When from a long-distant past nothing subsists, after the people are dead, after the things are broken and scattered, still, alone, more fragile, but with more vitality, more unsubstantial, more persistent, more faithful, the smell and taste of things remain poised a long time, like souls, ready to remind us, waiting and hoping for their moment, amid the ruins of all the rest; and bear unfaltering, in the tiny and almost impalpable drop of their essence, the vast structure of recollection.
Marcel Proust “Swann’s Way”.
Months after returning home I listened to an assortment of my field recordings from Venice. During the listening process I was surprised at the abundance of memories that emerged, several of which were not directly related to the exact moment or place of the recording.
Memory is unreliable. We recontextualise the past according to what we know and feel today. We use photographs as definitive proof of our personal narratives but in doing so we often create stories that omit or reshape the truth. A photograph restricts memory within the limits of its frame. What lies outside the viewfinder is rendered into insignificance and is often lost. We remember the place, the object, the experience through the photo.
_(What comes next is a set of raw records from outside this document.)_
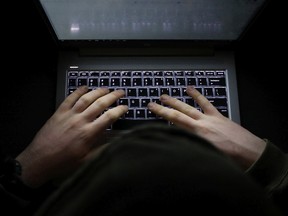 FILE PHOTO: A simple, very dark night time image of hands on an illuminated keyboard typing. Shady person wearing a hood at a computer or laptop in the dark.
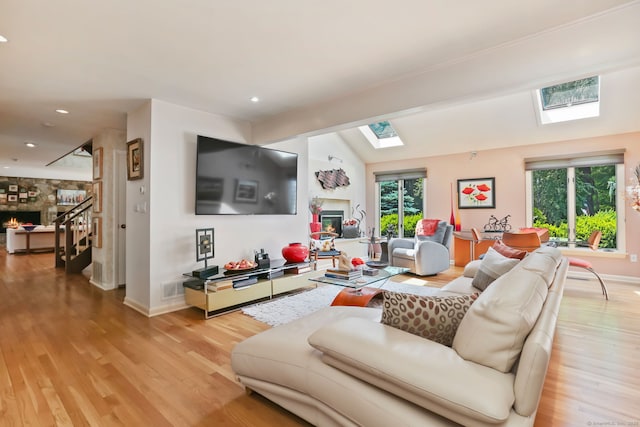 8 Hedgerow Cmn, Weston, CT 06883 - living area with a skylight, a warm lit fireplace, light wood-style floors, lofted ceiling, and baseboards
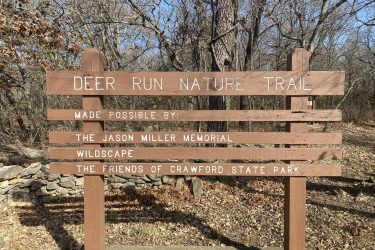 A wooden sign marking the entrance to the Deer Run Nature Trail, with text indicating it was made possible by the Jason Miller Memorial, Wildscape, and the Friends of Crawford State Park. The sign is surrounded by a natural setting, with trees and fallen leaves visible in the background. Drywood Creek Trail mountain bike trail.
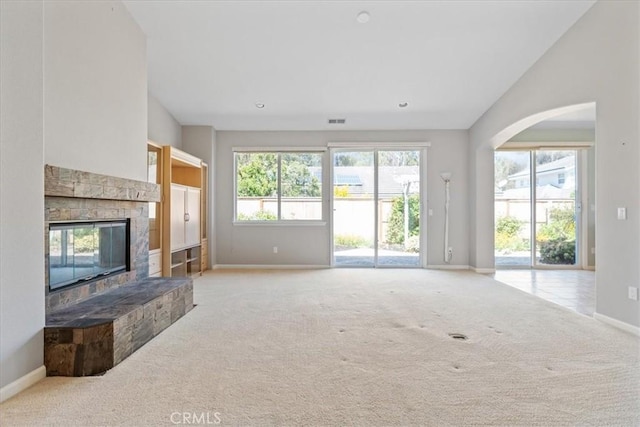 2331 Humboldt St, Los Osos, CA 93402 - unfurnished living room with baseboards, carpet, a fireplace, vaulted ceiling, and arched walkways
Conversely field recordings generate a flight of memory that connects all of the senses. Listening to personal field recordings allows thoughts and states of being, once forgotten, to regain a position in the consciousness.
Our past lives inside us.
Listening to the water in this recording I recall a moment hours before when, in a small ferry that was being rocked dangerously by a storm, I planned my escape route should the boat overturn. As I listen to the recording my mind returns to the tense atmosphere onboard as the boat moved through the heavy swell. I remember the cold of my clothes soaked by the autumn rain.
An often quoted observation about Venice is its absence of traffic noise. In truth, although the city is void of cars, it is difficult to find anywhere that is not marked by the drone of motor-boats. With hydrophones placed deeply into one of the canals I recorded the sound of engines as boats of various descriptions passed by. Months later as I listen to this recording my mind drifts to a lunch that I had that day. I remember the frenzy of pigeons that flew onto my table when a basket of bread was placed in front of me. Later I watched as a bottle slowly drifted up the canal.
The sound of bells ringing at different times of the day was a good indicator that I was far from home. I tried, mostly in vain, to get a recording of a bell that I might later use in a composition. Listening to this recording transports me back to Venice. I am reminded of the massive seabirds that flew above the city. I listen to the bells and remember watching with ghoulish fascination as one sea-bird ate the carcass of a pigeon.
The sound of music emanating from each room of the conservatory flooded the narrow confines of the space below. Standing beneath the windows and listening to guitars, pianos, vocalists and trombones was both an exhilarating and slightly disorienting experience. Months later as I listen to this recording I recall feeling cold and hungry. I made the recording while mentally planning dinner and drinks upon my return to the apartment.
This recording was one of the last that I took in Venice. Although I had tried to resist recording anything bordering on cliche I felt at the last minute that I might regret not having recorded the sound of water slapping against a gondola. Listening to the recording I once again feel the melancholy associated with the knowledge that part of a holiday is over. I remember standing by the boats while thinking of the flight to Berlin that lay ahead the following morning.
When exploring the relationship between stimulus and memory Proust famously describes his own experience when eating a madeleine. This moment becomes the starting point of a deluge of memories. In his work “In Search of Lost Time” Proust inexhaustibly details the way in which we negotiate the world in two trajectories of time: our inner time, that which is filled with our thoughts and experiences, and the more literal chronometric time. Proust wrote The past still lives in us … has made us what we are and is remaking us every moment! … An hour is not merely an hour! It is a vase filled with perfumes, sounds, places and climates! … So we hold within us a treasure of impressions, clustered in small knots, each with a flavour of its own, formed from our own experiences, that become certain moments of our past.